Smart phones, iPad apps and computer programs have made it easier to learn Hindi. With growing Indian economy, Hindi is a requirement for trade and business with India. All these aspects were highlighted on Hindi Divas this year.
Hindi Divas Program was introduced by the Consul Mr SK Verma, who requested Consul General Vanlal Vawna, Dr Peter Friedlander of ANU, Dr Ian Woolford of La Trobe University, Cr Raj Dixit and Rekha Rajvanshi of ILASA to light the lamp. After that Consul General Mr Vanlal Vawna addressed Hindi lovers in Hindi.
Darcy Road Public School’s Hindi students, with their teacher Ekta Chanana, sang India and Australian National Anthems. Program coordinator, Rekha Rajvanshi recited a poem ‘Vishva ki Bhasha Bane ye Kalpana, aao Hindi ki Sajaen Alpana.’ She invited the key note speaker for the day Dr Ian Woolford to speak. He talked about how he started learning Hindi as a child and then competed his PhD on famous Hindi writer Phanishwar Nath Renu’s work. His love story with Hindi continues as he teaches Hindi to non-Hindi speaking adults at La Trobe University at graduate and post graduate level.
Three panels consisted of nine Hindi teachers, ten Community & Media speakers, eleven writers & poets from India and Sydney.
Dr Peter Friedlander- Senior Hindi Lecturer at ANU spoke about he then moderated Hindi teachers’ panel. Kusum Choudhary – IABBV Hindi School, Dr Meena Srinivasan- Sanskrit School, Kulwinder Kaur –Darcy Road PS, Archana Chaudhary – West Ryde PS, Mrityunjay Kumar Singh- South Asian Hindi School Kograh, Sudesh Verma and Sarita Chekhuri from Australian Hindu Multicultural Association School of Language, Arts and Culture, Madhu Dwivedi and Nirupma Verma from Girraween Hindi Community School spoke about Hindi curriculum, teaching strategies and resources. Teachers were concerned about the lack of good Hindi resources in Australia.

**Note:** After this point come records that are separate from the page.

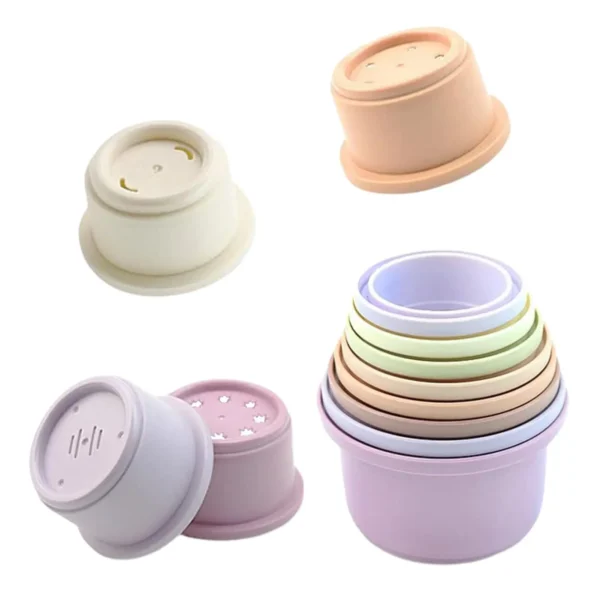 8Pcs Stacking Cups Toys for Rabbits Chinchillas Guinea Pigs  Multi-Colored Reusable Plastic Nesting Toys Stacking Cups Set - Image 2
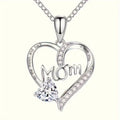 A Mother's Day gift, a heart-shaped mom with engraved words and Rhinestone, a multi-color accessory, a versatile female necklace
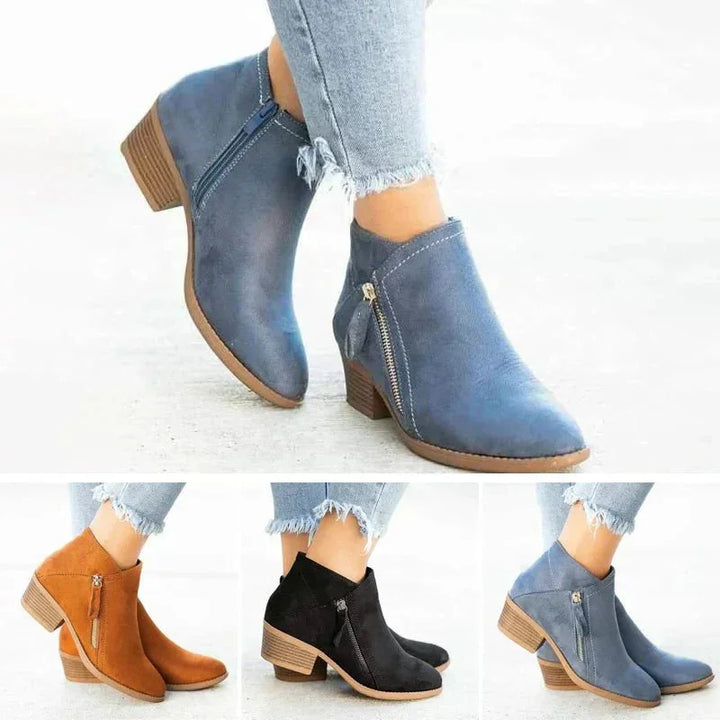 Women's Suede Ankle Boots – Side-Zip Low-Heel Design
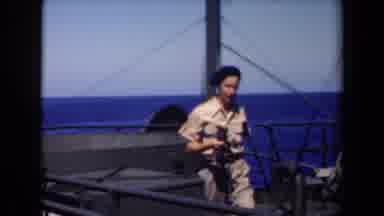 Netherlands (1946): Khaki Clad Sailor With Beret Disembarking Boat With Camera In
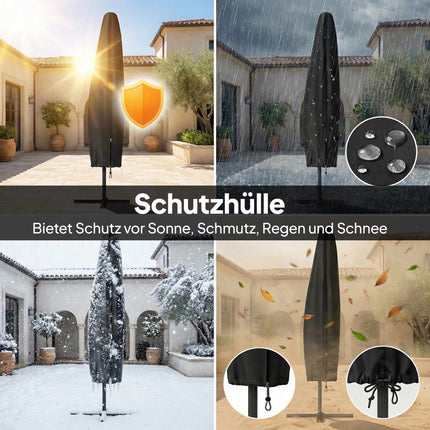 Umbrelă de terasă cu consolă și LED, 3x3m, bej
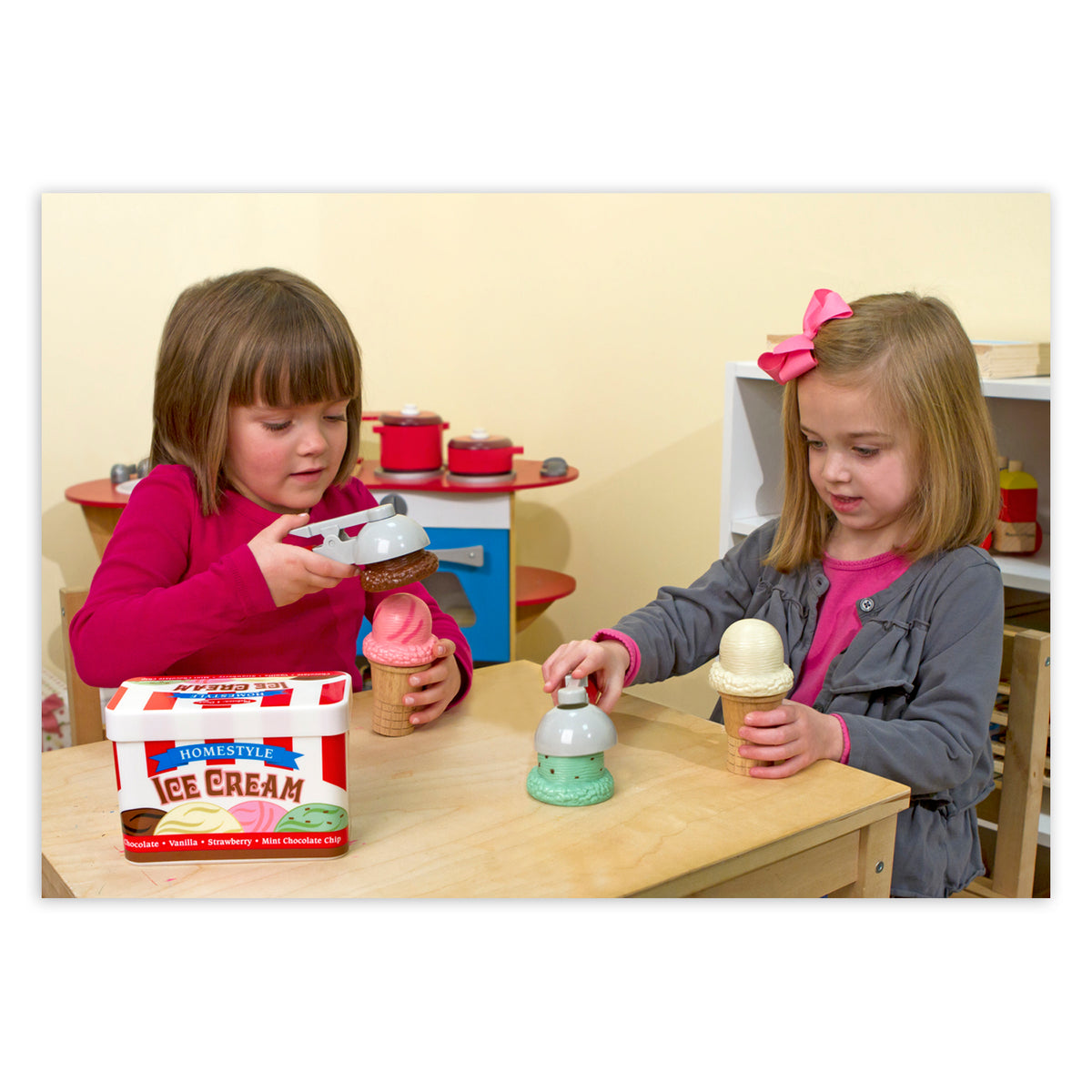 Ice Cream Shop Scoop Set with magnetic scooper, wooden cones, and play ice cream in pink and white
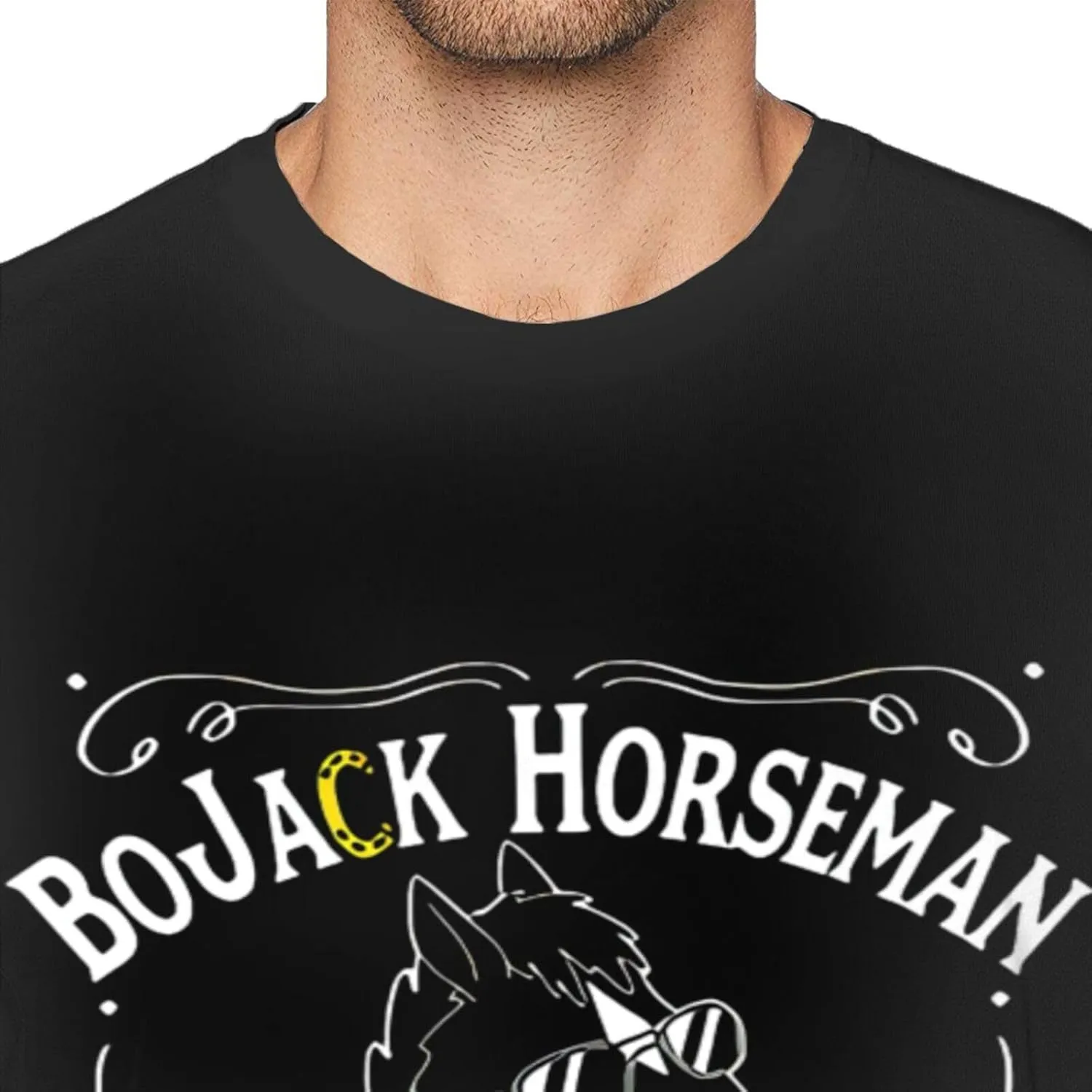 Men's T Shirt Cotton Graphic Short Sleeve Crew Neck Tee Shirts Casual Tops Black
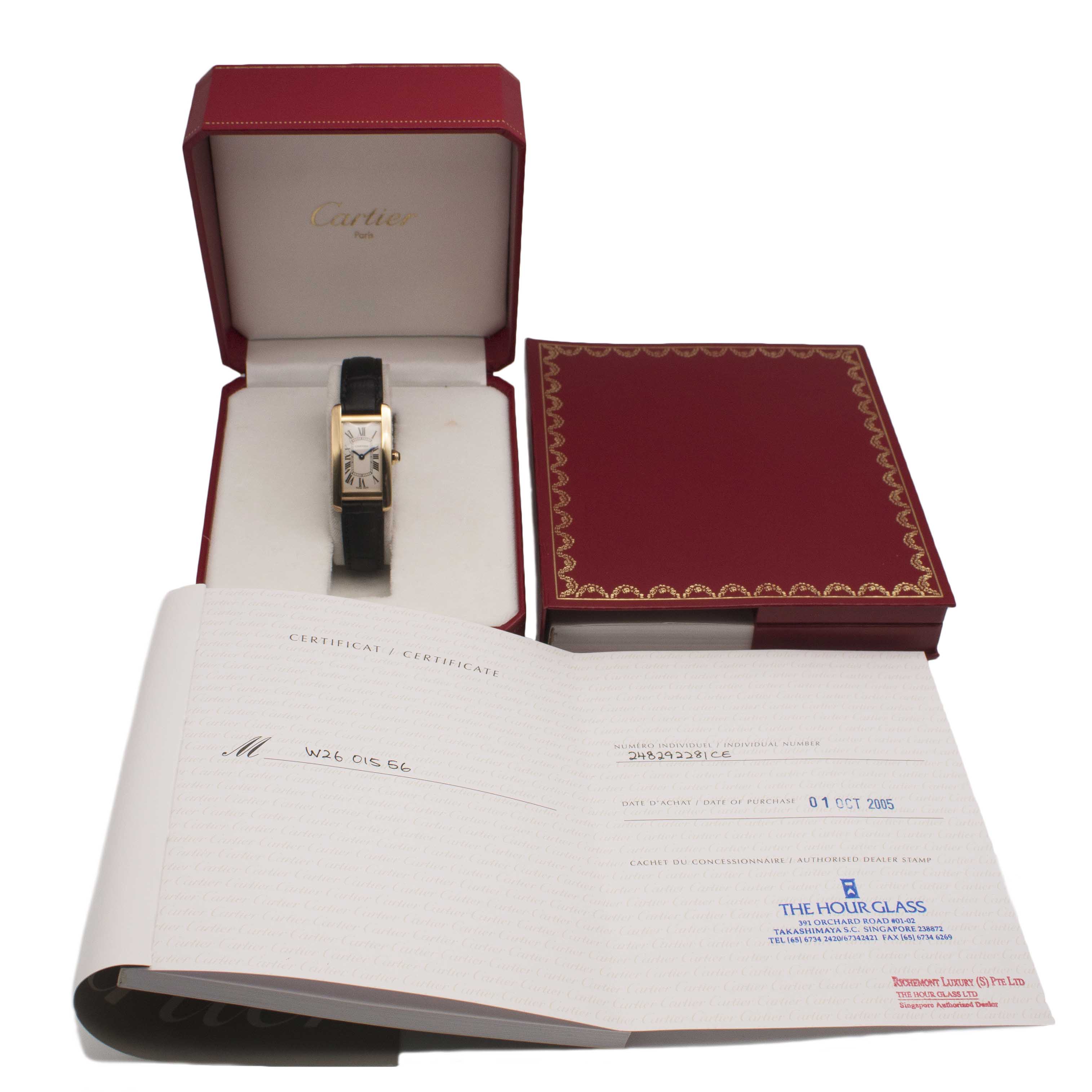 A LADIES 18K SOLID YELLOW GOLD CARTIER TANK AMERICAINE WRIST WATCH DATED 2005, REF. 2482 WITH - Image 11 of 11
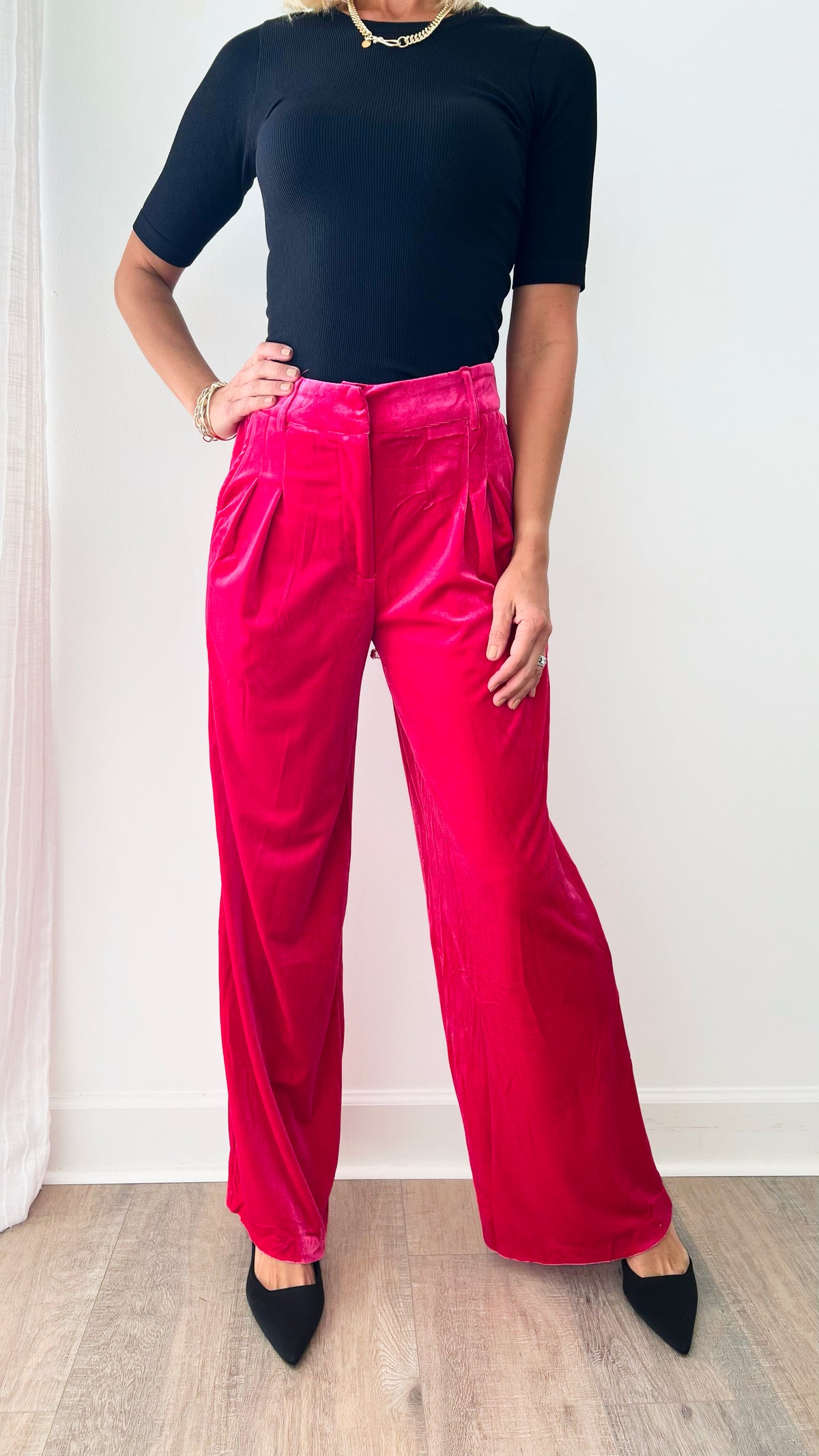 Wide Leg Velvet Pants - Electric Fuchsia-170 Bottoms-&MERCI-Coastal Bloom Boutique, find the trendiest versions of the popular styles and looks Located in Indialantic, FL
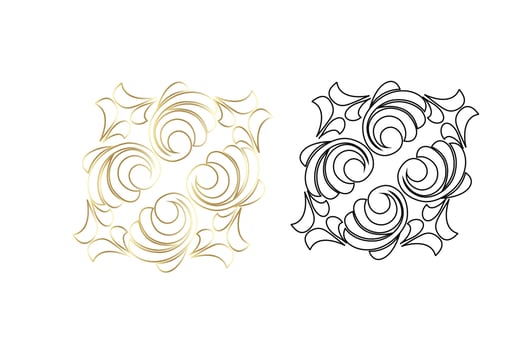 Vector damask vintage baroque scroll ornament swirl. Victorian monogram heraldic shield swirl. Retro floral leaf pattern border foliage antique  acanthus calligraphy engraved tattoo.Tile decor element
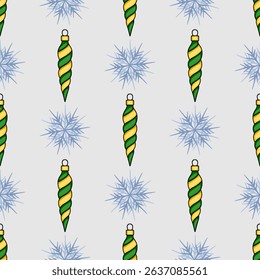 Seamless vector Christmas pattern featuring stylized green and yellow spiral ornaments and delicate snowflakes on a light gray background, ideal for festive designs.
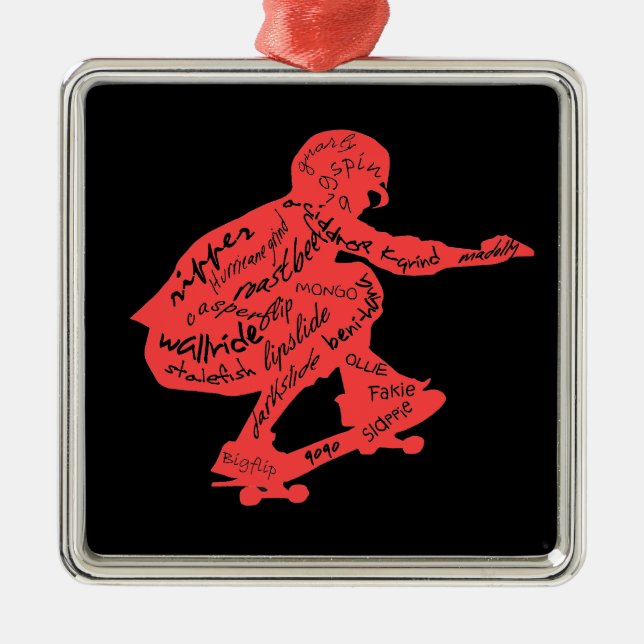 Skateboard Typography - Xmas Ornament (Front)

Neena Badhwar editor The Indian Down Under newspaper moderated Community and Media Panel, which was attended by Dr Partha Mukherjee – AIBC, Dr Yadu Singh – FIAN,Vijai Singhal – Hindu Council of Australia, Aparna Vats – Alive FM 90.5, Gunjan Tripathi – Hindi Samaj, Pradeep Upadhyay – Radio Darpan, Sarita Chand – Pratham, Nim Gholar – Gaia Success Academy and Dave Passi – Indian Seniors Hornsby. Dr Partha Mukherjee spoke about the role of technology in promoting Hindi. Dr Yadu Singh suggested that all Hindi promoters need to work together to strengthen Hindi teaching in Australia.
Third panel was Hindi literature and poetry, which was moderated by Dr Ian Woolford. Participants in this panel were Dr RP Mathur – Aligarh Muslim University, Dr Shailja Chaturvedi, Om Verma – Devas India, Vipul Goyal, Rajeev Maini, Kusum Chaudhuri, Sidhant Nakra, Mrinal Sharm, Anil Sharma and Anil Verma. Young poet Mrinal Sharma made a mark by reciting his beautiful nostalgic poem.
Hindi Divas at the Indian Consulate was successful in bringing Hindi lovers together and the credit of this successful, thought provoking and intellectual conversation of various aspects of Hindi goes to the poet and writer Rekha Rajvanshi of ILASA.